You see, there really are some things worth dying for, and freedom is at the very top of the list.
And if you don't accept that message and understand it, and if you don't adopt that philosophy, very soon you will lose freedom for yourselves and for all of your posterity.
And the great experiment would have failed, you see, because if it works, it will be the New World Order.
If it doesn't, Humankind will once again be enslaved as it has always been enslaved throughout its history.
Good night, ladies and gentlemen.
Seek out and join the militia.
If you can't find one, start one of your own.
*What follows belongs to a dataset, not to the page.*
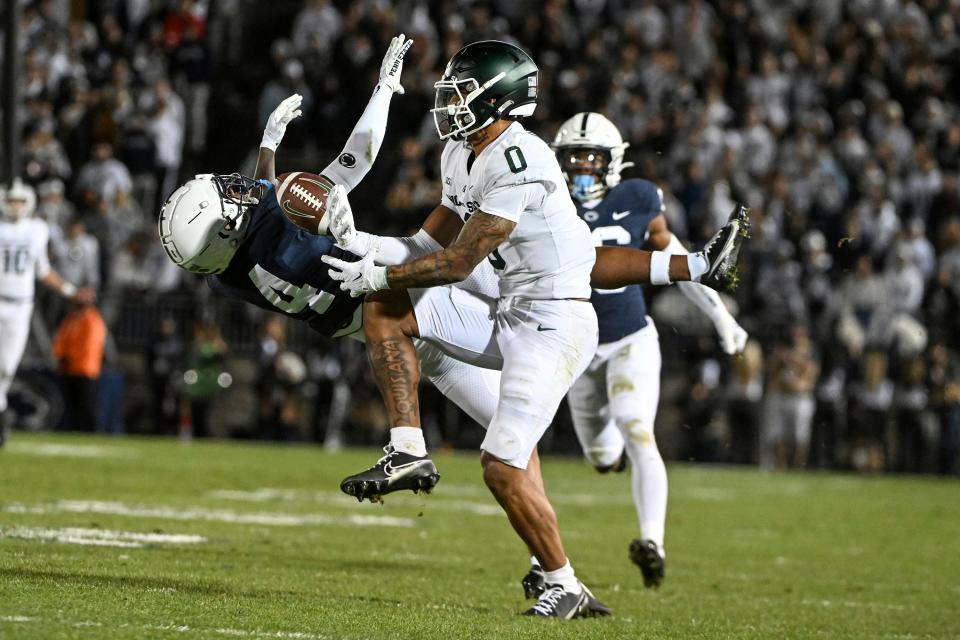 Penn State cornerback Kalen King (4) breaks up a pass intended for Michigan State wide receiver Keon Coleman (0) during the first half of an NCAA college football game, Saturday, Nov. 26, 2022, in State College, Pa. (AP Photo/Barry Reeger)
I have long feared that my sins would return to visit me.
And the cost is more than I can bear.
I've been to war, and I have no desire to do so again.
I have seven children.
I do not wish to leave them fatherless.
A family threatened by war.
We have to do something.
I forbid you to go!
I'm not a child!
You're my child!
A son fighting for his beliefs.
Father, I thought you were a man of principle.
When you have a family of your own, perhaps you'll understand.
When I have a family of my own, I won't hide behind them.
Hang him, put his body on display.
Colonel, I beg you, by the rules of war... Would you like a lesson, sir, in the rules of war?
Or perhaps of children more.
Before this war is over, I'm going to kill you.
Why wait?
I'll come back.
Might I request, sir, that you transfer my son here under my command?
I'll fire first.
Start with the officers.
We don't know when or where they're going to strike.
Where'd you learn all that riding, shooting?
I try to talk.
How many were there?
Maybe one.
One man.
Sounds more like a ghost than a man.
This ghost, bring him to me.
How many men does Cornwallis have under his command?
Twelve thousand redcoats.
I'm here to enlist every man willing.
Who's with us?
This is not the conduct of a gentleman.
I'll take that as a compliment.
I'm sorry.
No!
Before they were soldiers, they were family.
Before they were legends, they were great heroes.
And before there was a nation, there was a fight for freedom.
And soon, it must happen all over again.
Mine eyes have seen the glory of the coming of the Lord.
He is trampling out the vintage where the grapes of wrath are stored.
He hath loosed the fateful lightning of his terrible swift sword.
His truth is marching on.
Glory, glory, hallelujah.
His truth is marching on.
I have seen him in the watch fires of a hundred circling camps.
They have builded him an altar in the evening dews and damps.
I can read his righteous sentence by the dim and flaring lamps.
His day is marching on.
Glory, glory, hallelujah.
His truth, His mighty law.
In the beauty of the lilies, His Christ was born across the sea.
With a glory in his bosom that transfigures you and me.
As he died to make men holy, let us die to make men freer.
While God is marching on, Glory, glory, hallelujah.